Route information
- Length: 65 mi (105 km)
- History: Designated in 2015 Expected completion in 2019

Major junctions
- West end: Musita
- Mayuge Namayingo Lumino
- East end: Busia

Location
- Country: Uganda

Highway system
- Roads in Uganda;

= Musita–Mayuge–Lumino–Majanji–Busia Road =

Road in Uganda

The Musita–Mayuge–Lumino–Majanji–Busia Road is a road in the Eastern Region of Uganda, connecting the town of Musita in Mayuge District to Busia in Busia District at the international border with Kenya.

==Location==
The road starts at Musita, a small town on the Jinja–Iganga road, approximately 25 km east of Jinja. The road continues in an easterly direction, through Mayuge, Namayingo, and Lumino. At Lumino, a southern spur, measuring about 8 km, goes south to Majanji on the northern shores of Lake Victoria. The main road makes a northerly turn to end at the border town of Busia (2014 population 55,958).

==Overview==
The road connects the districts of Mayuge, Bugiri, Namayingo, and Busia. As described, including the spur to Majanji, the entire road project measures 104 km.

==Upgrading to bitumen==
Before 2015, the road was unsealed gravel surface. In February 2015, the Ugandan government began the process of upgrading the road to class II bitumen surface. The first contractor for this project was the China Railway 18th Bureau Group Company, Limited (CR18), a subsidiary of the China Railway Construction Corporation. The budgeted cost of the project was UGX:207 billion. Completion of the road works was planned for August 2017.

In May 2017, the Uganda National Roads Authority (UNRA) conducted an onsite inspection and found that CR18 had completed only 12 percent of the works with only three months left until the project completion deadline.

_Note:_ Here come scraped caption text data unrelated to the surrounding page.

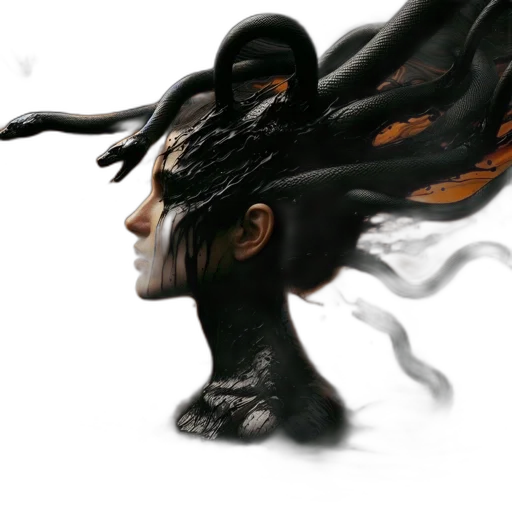 mask, dragon, face, hair transparent PNG cut-out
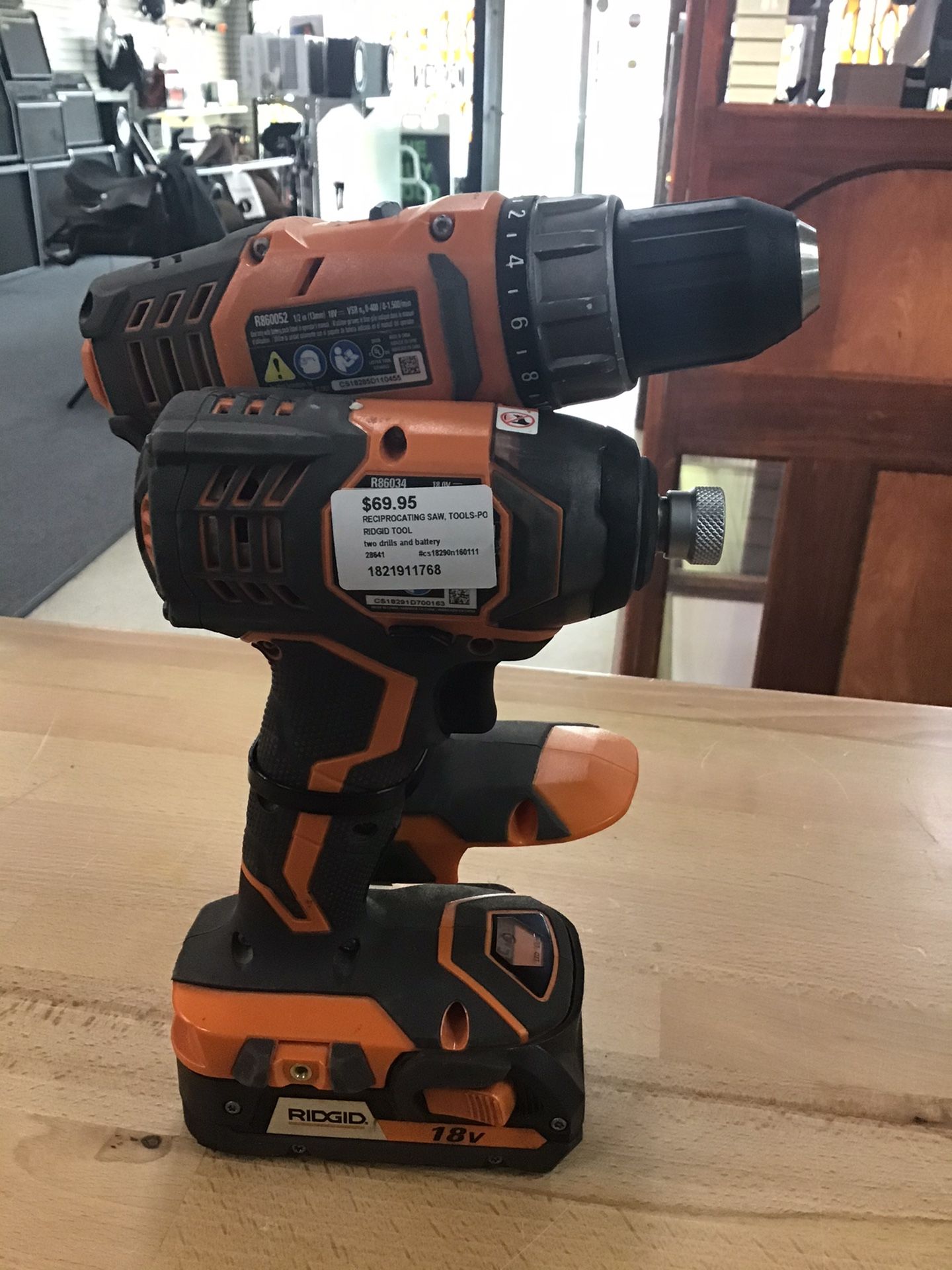 Rigid impact and drill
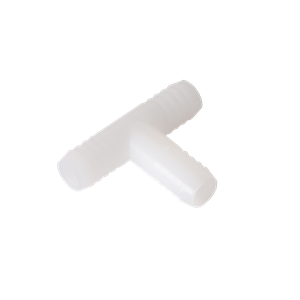 DCI 0970 5/8" x 5/8" x 1/2" Barb Tee, Plastic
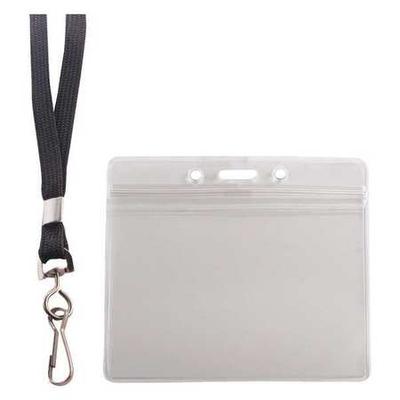 ADVANTUS AVT91132 Badge Holder,Lanyard,Horizontal,PK20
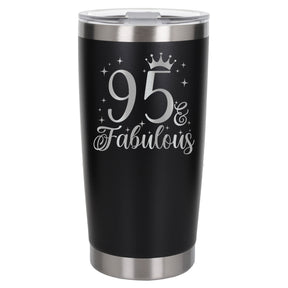 Black Thermal Metal Coffee Cup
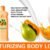 ROUSHUN rve0 Papaya POWDER Nourish Moisturizer Hand Body Lotion Vitamin E Anti-Aging Body CREAM 600ml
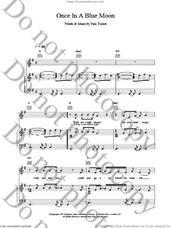 Cover icon of Once In A Blue Moon sheet music for voice, piano or guitar by Lighthouse Family, intermediate skill level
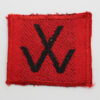 15th Indian Corps Cloth Formation Sign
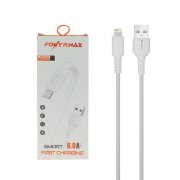 کابل شارژ فست آیفون Power Max مدل PM-002 - سفید - تصویر 1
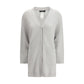 Fabiana Filippi Gray Wool Cardigan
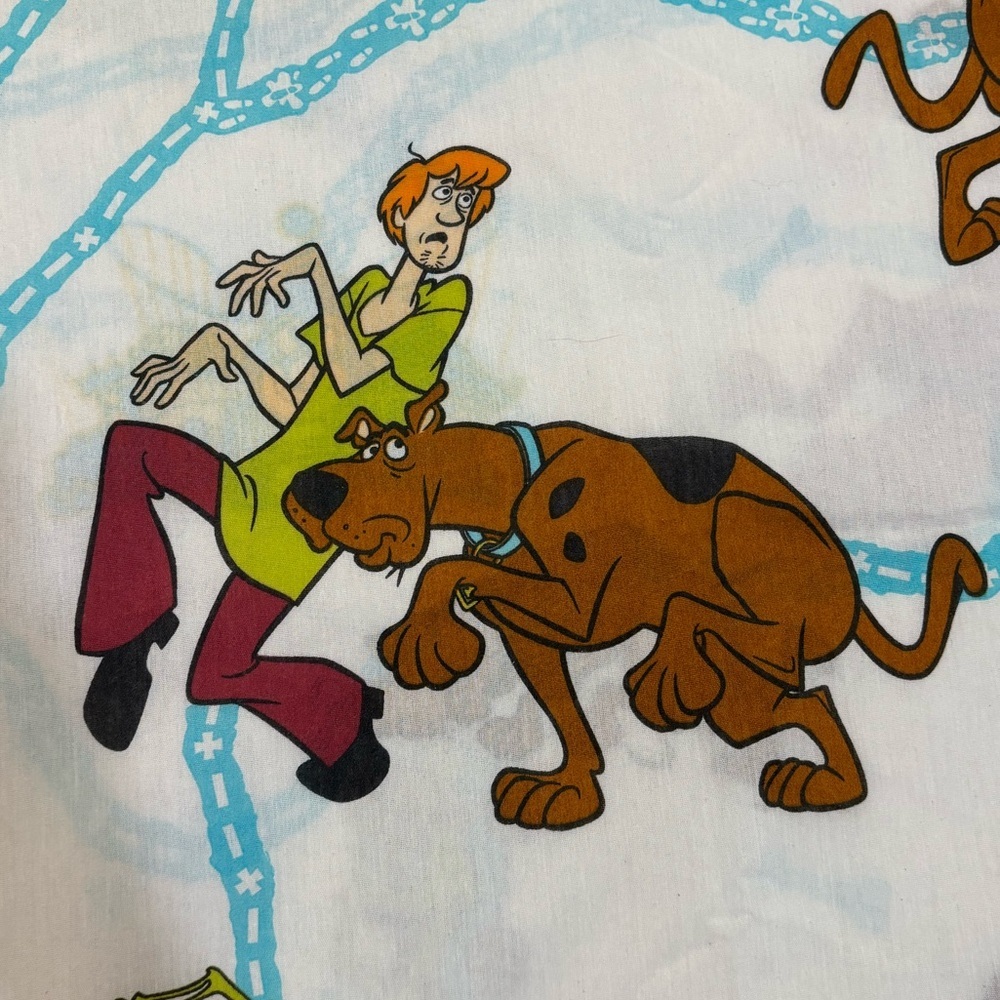 Scooby Doo Full Flat Sheet Vintage Y2K - Picture 6 of 7
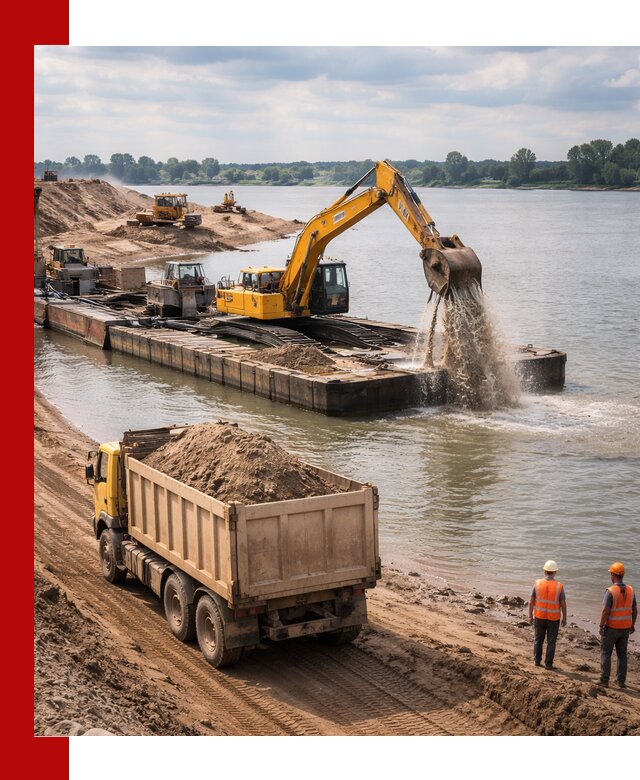 Намывной песок с доставкой в Усть-Илимске оптом и в розницу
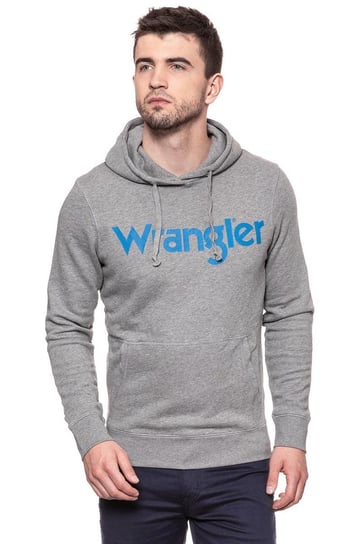 Wrangler, Bluza męska, Logo Hoodie Grey Marl W6527Hyvb, rozmiar S Wrangler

In a letter dated 12 June 2017, UNRA Executive Director Allen Kagina canceled the contract, citing CR18's alleged incompetence, performance below contractual standards, lack of commitment to the project, and failure to mobilise resources and equipment to ensure timely completion of work. She ordered the Chinese contractor to vacate the construction site immediately. UNRA planned to re-advertise the road and select a new contractor to complete the project.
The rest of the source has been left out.